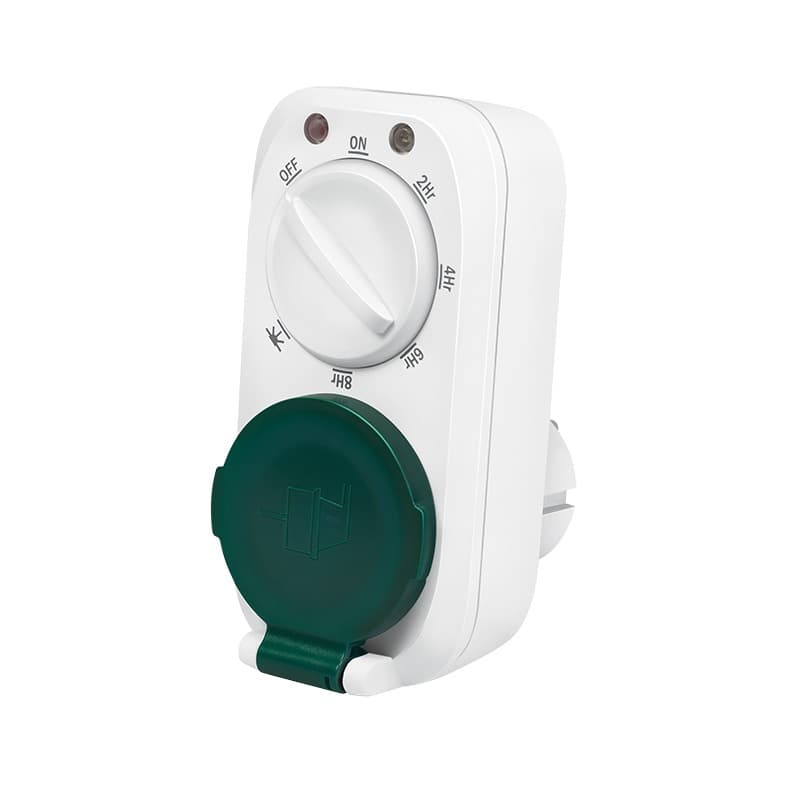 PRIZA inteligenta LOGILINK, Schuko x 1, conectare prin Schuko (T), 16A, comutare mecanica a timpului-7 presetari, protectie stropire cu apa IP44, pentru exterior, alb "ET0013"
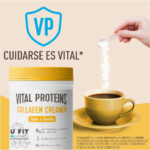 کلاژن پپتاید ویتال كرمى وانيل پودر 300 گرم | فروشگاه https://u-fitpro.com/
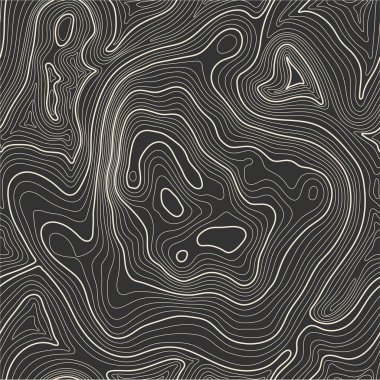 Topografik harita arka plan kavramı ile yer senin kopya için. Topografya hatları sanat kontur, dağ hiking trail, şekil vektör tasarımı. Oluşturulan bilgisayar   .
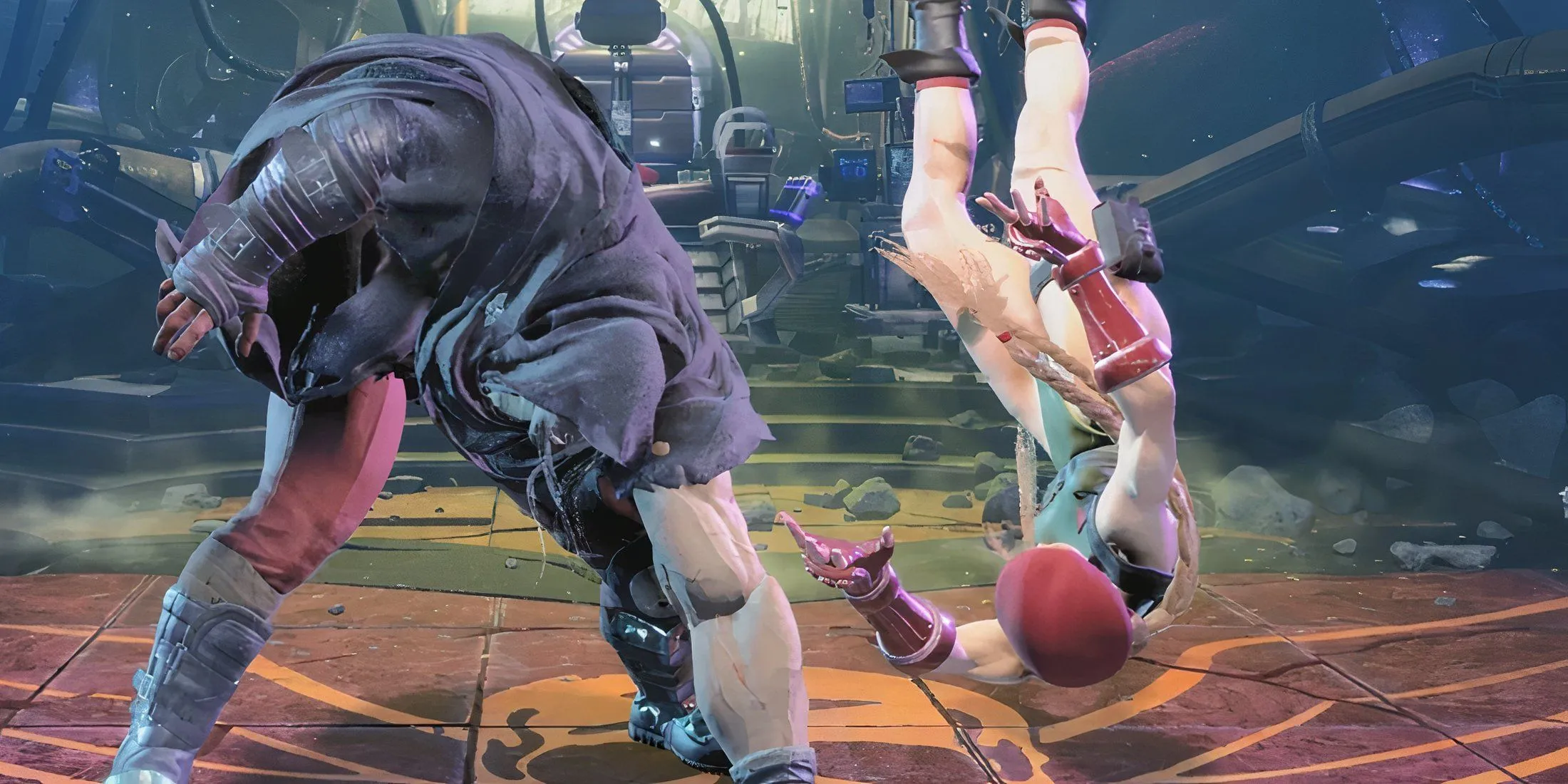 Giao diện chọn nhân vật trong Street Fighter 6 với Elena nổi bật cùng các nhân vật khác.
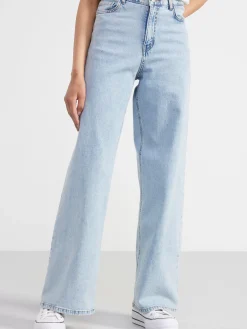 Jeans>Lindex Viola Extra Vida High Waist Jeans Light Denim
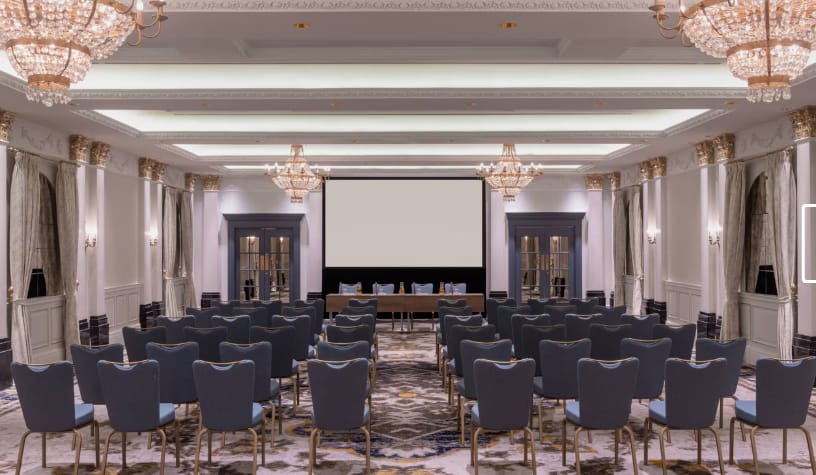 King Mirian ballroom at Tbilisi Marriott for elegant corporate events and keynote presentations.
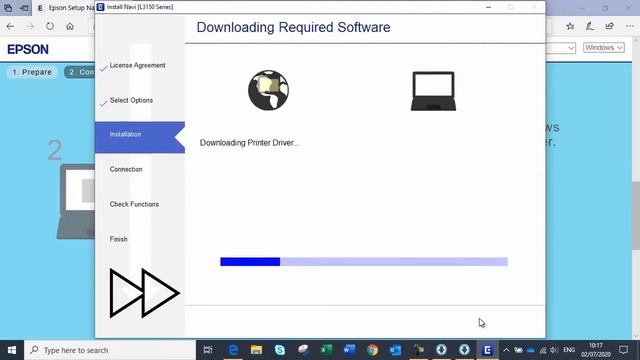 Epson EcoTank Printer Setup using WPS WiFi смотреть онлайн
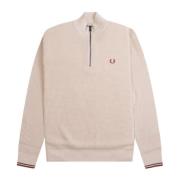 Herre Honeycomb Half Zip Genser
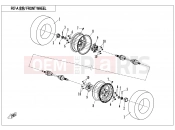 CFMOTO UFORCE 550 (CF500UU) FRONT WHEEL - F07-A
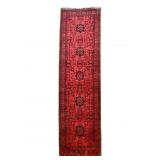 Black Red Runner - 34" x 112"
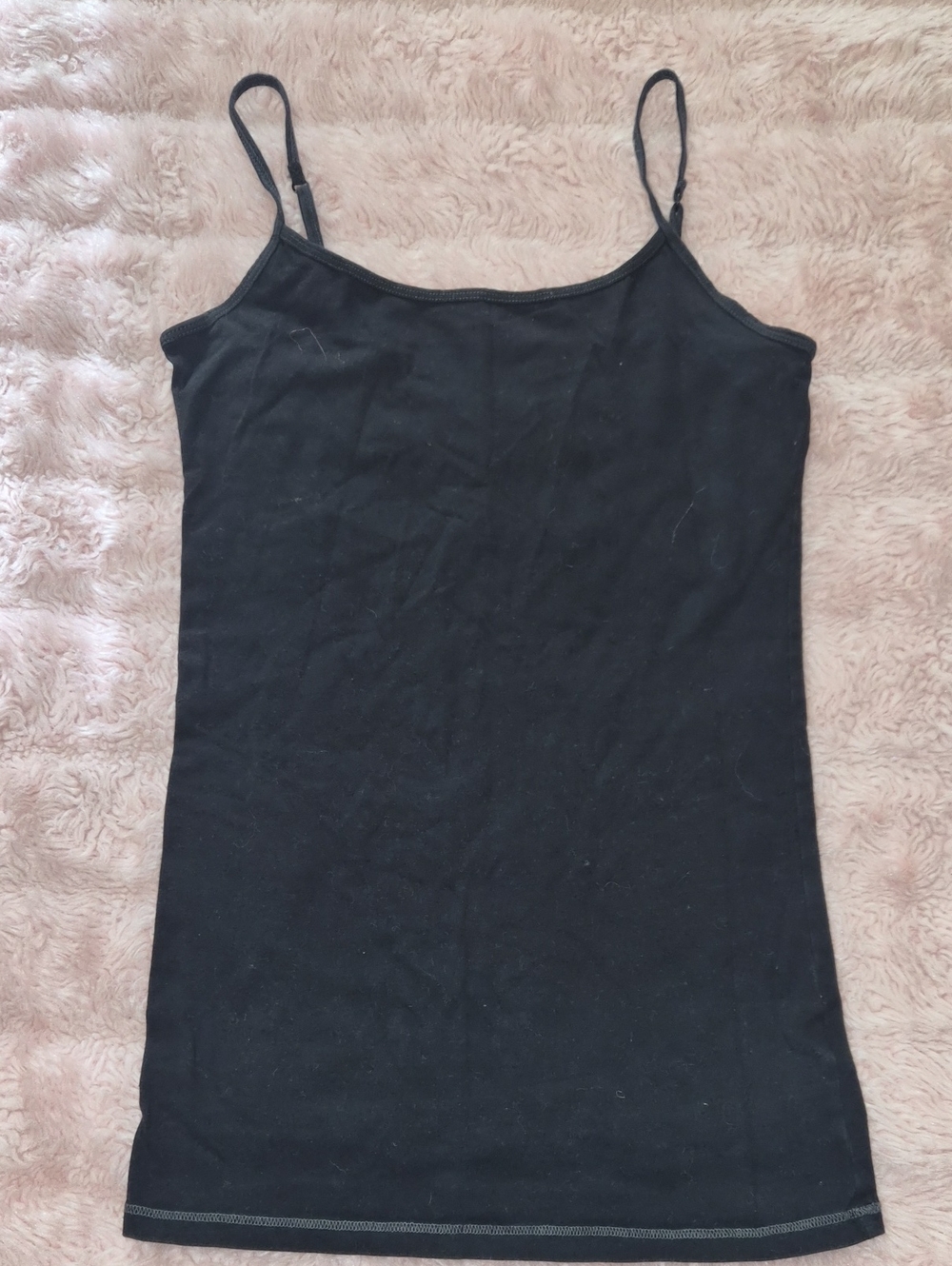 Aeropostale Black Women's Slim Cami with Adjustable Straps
- - - -
- _Task instructions_
Begin at the line containing "Herre Honeycomb Half Zip Genser" and transcribe exactly every line through the end of the records, both ends included, leaving the pictures out.

- _Result below_
 Herre Honeycomb Half Zip Genser
 CFMOTO UFORCE 550 (CF500UU) FRONT WHEEL - F07-A
 Black Red Runner - 34" x 112"
 Aeropostale Black Women's Slim Cami with Adjustable Straps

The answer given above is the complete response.